Altogether, I think that the RSC version is better because as a play version, the director can adapt its theme, underlying subtext, and issues surrounding both of these, to the current trends, ways of thinking, and so on. I think this is also why I was more dramatically interested in the RSC version.
I think Zefirelli’s version shocked me because of the way Petruchio’s character was made to be so ghastly. I got the impression that Petruchio was a misogynist in this version, and in the text. In the RSC version, however, I did not see this side of Petruchio. From what I read prior to seeing Gregory Doran’s RSC version, I saw that critics widely deemed Petruchio and Shakespeare to be misogynists. However, upon seeing the RSC version, and a review from the Mail on Sunday from May 11, 2003 by Georgina Brown, ‘Doran’s’ Petruchio could be quite rightly described as a kind, sensitive and funny man – not the usual characteristics of your everyday misogynist. Petruchio changed my view of the play immediately when I witnessed the breathtakingly upsetting scene of when he places a painting of his late father by the fire and weeps.
This man is not a woman-hating self-centred, egotistical “ruffian” – but a sensitive, kind man who is quite rightly mourning the death of his father. Although he went “to wive it wealthily in Padua; if wealthily, then happily in Padua” I think he went to Padua to find someone to grow old with. Shakespeare’s words can be twisted slightly. Instead of the self-assured Petruchio from Zefirelli’s version, where he doesn’t care what his wife is like, as long as she is rich, ‘Doran’s’ Petruchio could be looking for someone – anyone – just someone he can spend his life with. Because his father had died, he packed up in Verona, and moved to Padua, to his old friend Hortensio. This move could symbolise the physical distance, as well as emotional distance of Petruchio from “old Verona” . The word “old” could emphasise this distance.
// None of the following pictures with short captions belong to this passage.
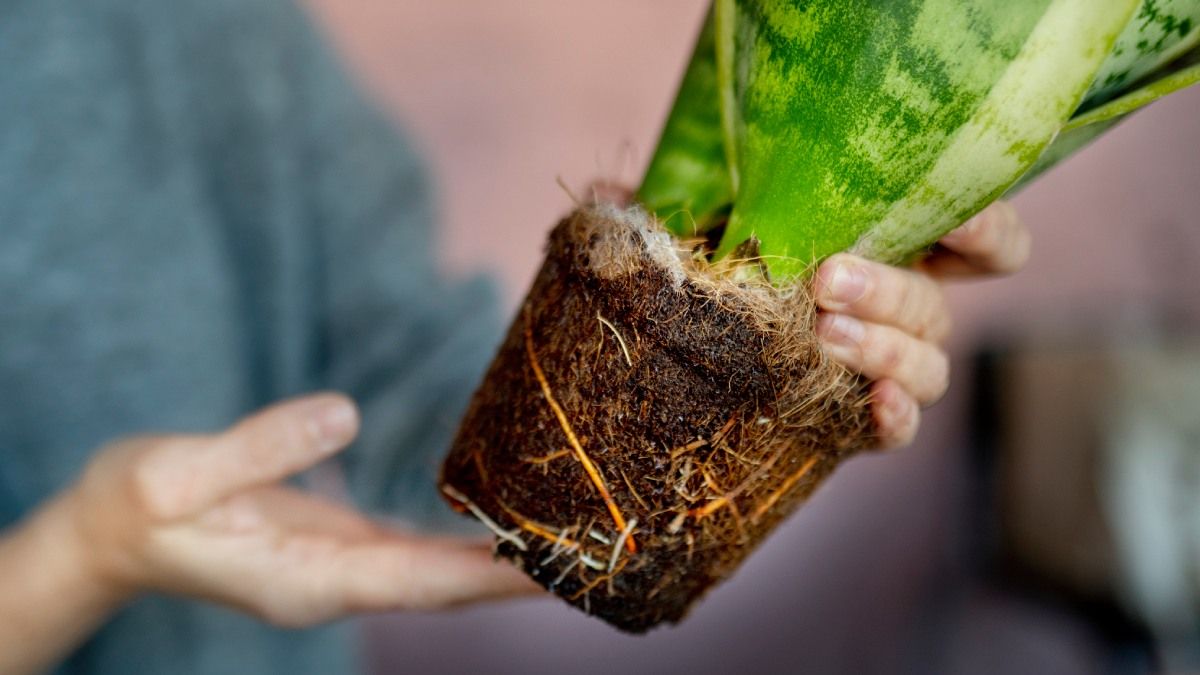 El trasplante es necesario para que las plantas se desarrollen de una manera fuerte y sana. El trasplante es necesario para que las plantas se desarrollen de una manera fuerte y sana.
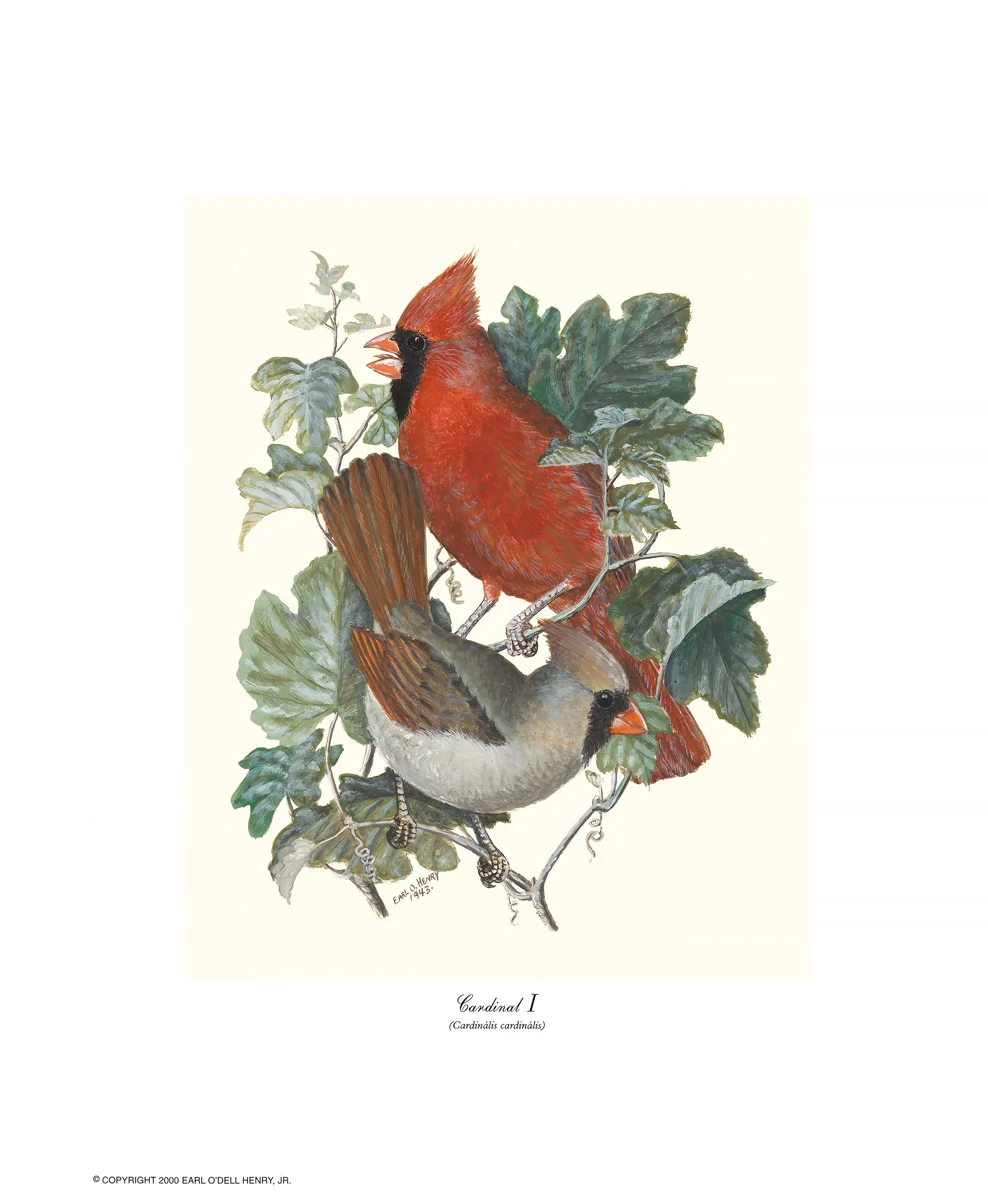 Cardinal I + 3 other small prints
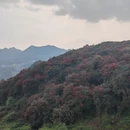 毕节旅游 缩略图 3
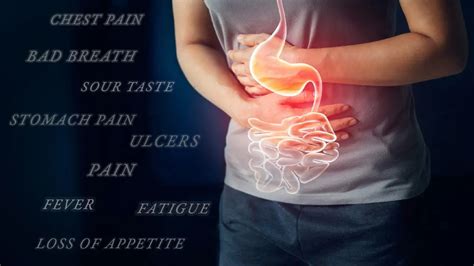 Functional Endocrinology Stomach Digestive Disorders • Chiropractic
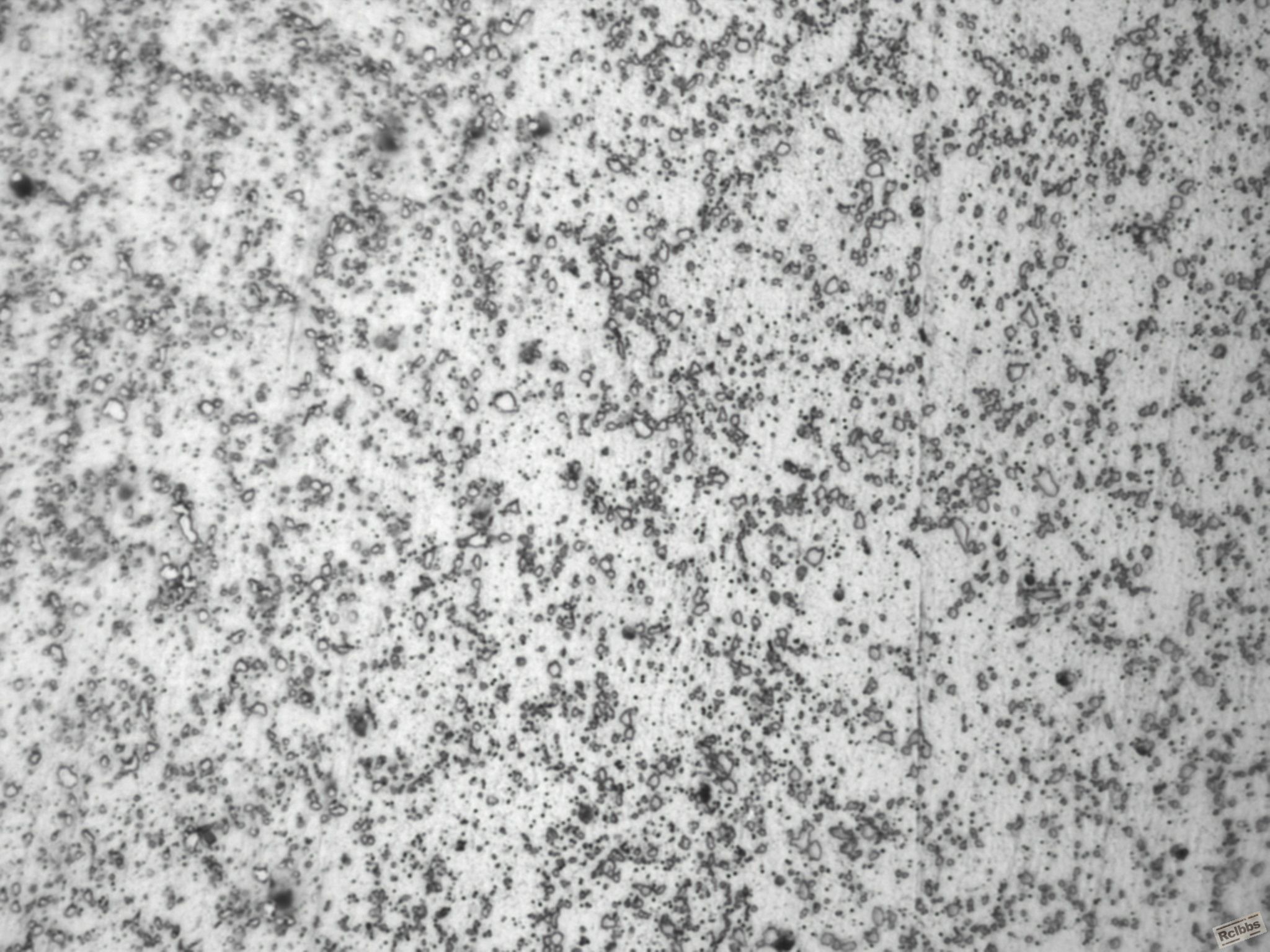 1 1000x .jpg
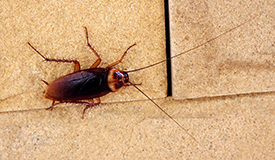 Cockroach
Pathetic fallacy is used in the text, Zefirelli, and RSC versions. Special effects like these help to create the ambience of the scene, and character’s thought and feelings. For example in the RSC version, it starts snowing when Petruchio ‘denies’ Kate her food, this snow could represent the emotional coldness Kate is feeling in her heart. This is an excellent way of communicating ambience.
In written text, it is much harder to create an effective ambience using special effects. This is why I thought that the Zefirelli and RSC versions were more dramatically interesting. The latter, I thought was better. Although it didn’t have the advantages of using editing technology or different camera shots, I thought that the real fire in the home of Petruchio and Kate especially, was extremely effective – I could feel the warmth of the scene, even though I was in a circle seat! Shakespeare overcame these problems by using language and action to help the ambience. The delivery of lines, presentation of the character and the tone, speed and pitch of the delivery, advance this sense of building atmosphere.
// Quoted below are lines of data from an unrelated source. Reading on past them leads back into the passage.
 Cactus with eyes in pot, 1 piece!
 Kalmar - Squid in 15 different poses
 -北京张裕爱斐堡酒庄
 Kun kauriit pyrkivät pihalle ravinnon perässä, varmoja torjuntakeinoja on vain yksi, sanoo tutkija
Although deemed “… a play which is meagrely written” and one that “…deals with the squashing of a human’s high spirits”, according to Susannah Clapp of the Observer, I agree most definitely with Ms. Brown of the Mail on Sunday, when she writes that the RSC Taming of the Shrew was an “emotionally intelligent reappraisal”, and one that “has made sense of this most problematic of plays”. I agree whole heartedly, because the RSC production, to me, was a more emotionally gripping version. I refer back to the first kiss we see between Petruchio and Kate, when the silence around them made it incredibly romantic. It seemed like all the focus was meant to be on them. This slight ‘twist’ on Zefirelli’s version, sealed my preference in the modern remake.
I personally do think that the play us still dramatically interesting even after al these years and even though women’s position in society has changed so much. I think this also, because if there is ‘no life’ in the play, then how come there have been some sequels, and alternative interpretations written? Some of these include Kiss Me Kate, the Cole Porter musical, and The Tamer Tamed, a sequel to The Taming of the Shrew written by John Fletcher. Most recently, the rather more juvenile approach was successfully attempted in Ten Things I Hate About You, the Hollywood box-office hit. In my opinion, these adaptations and alternative interpretations would not have been made if the initial play is now so dramatically uninteresting.